ФЛЭШМЕН

Из «Записок Флэшмена»

(1839–1842)

Обработка и публикация

Джорджа Макдоналда Фрейзера

Посвящается Кейт

Пояснительная записка

Огромный массив рукописных документов, известных как «Записки Флэшмена», был обнаружен во время распродажи домашней обстановки в городе Эшби, Лестершир в 1965 году. Впоследствии бумаги были переданы мистеру Пэджету Моррисону, проживающему в Южной Африке, в городе Дурбане, и являющемуся ближайшим, среди всех известных на данный момент, родственником автора.

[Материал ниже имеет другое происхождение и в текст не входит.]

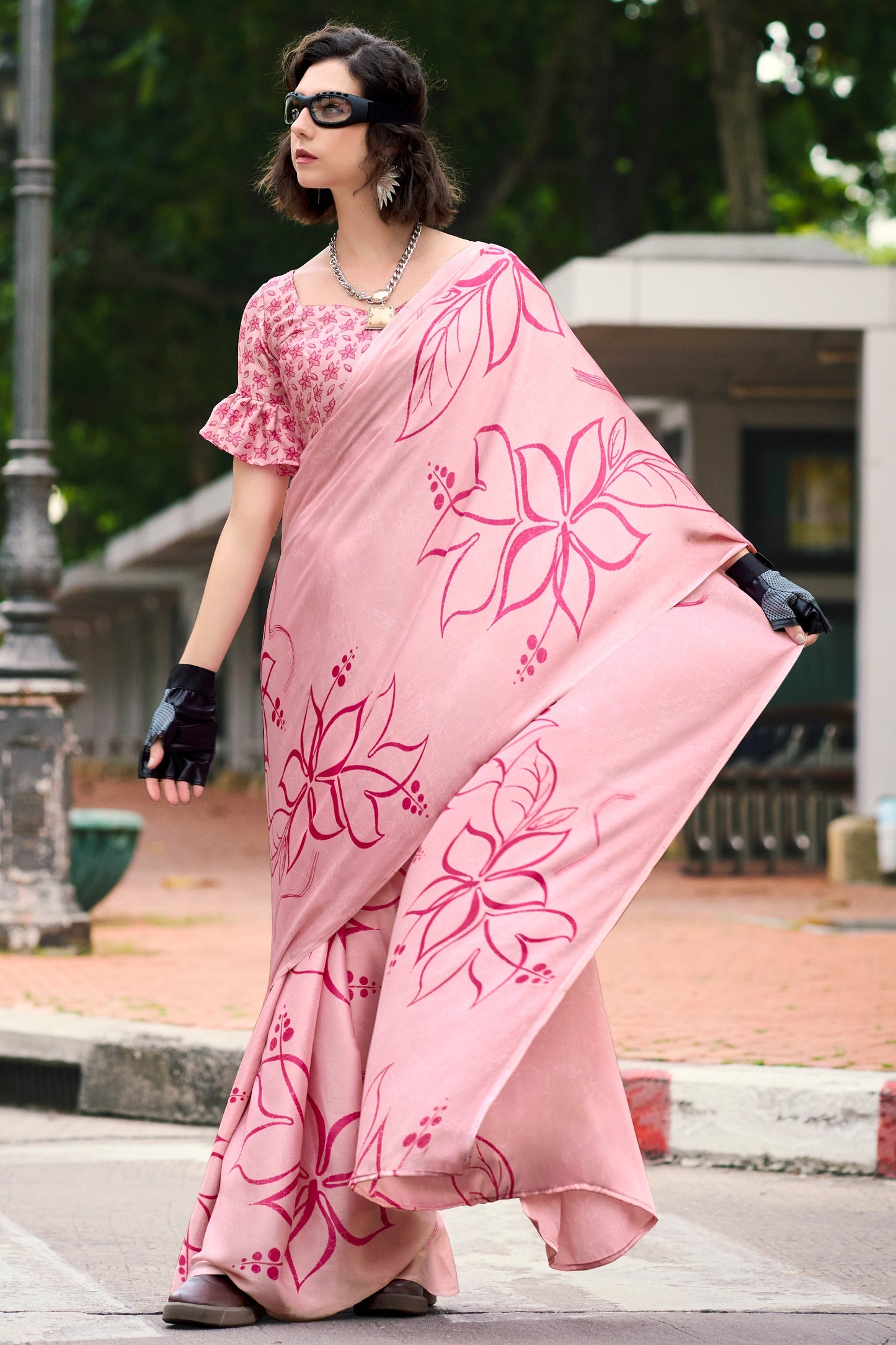 pink-printed-satin-saree-zb132479_3_SareeButa.com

С точки зрения литературоведения «Записки» позволили неопровержимо установить факт, что Флэшмен — отъявленный хулиган из книги Томаса Хьюза «Школьные годы Тома Брауна» и носивший то же имя прославленный военный деятель Викторианской эпохи — одно лицо. «Записки» являются, по существу, личными мемуарами Гарри Флэшмена, охватывающими период от момента его исключения из школы в конце тридцатых годов XIX века до первых лет нашего столетия. [Первый том «Записок» был опубликован Дж. М. Фрейзером в 1969 г.] По всей видимости, они были написаны между 1900 и 1905 годами, когда автору было уже за восемьдесят. Не исключено, что он продиктовал их.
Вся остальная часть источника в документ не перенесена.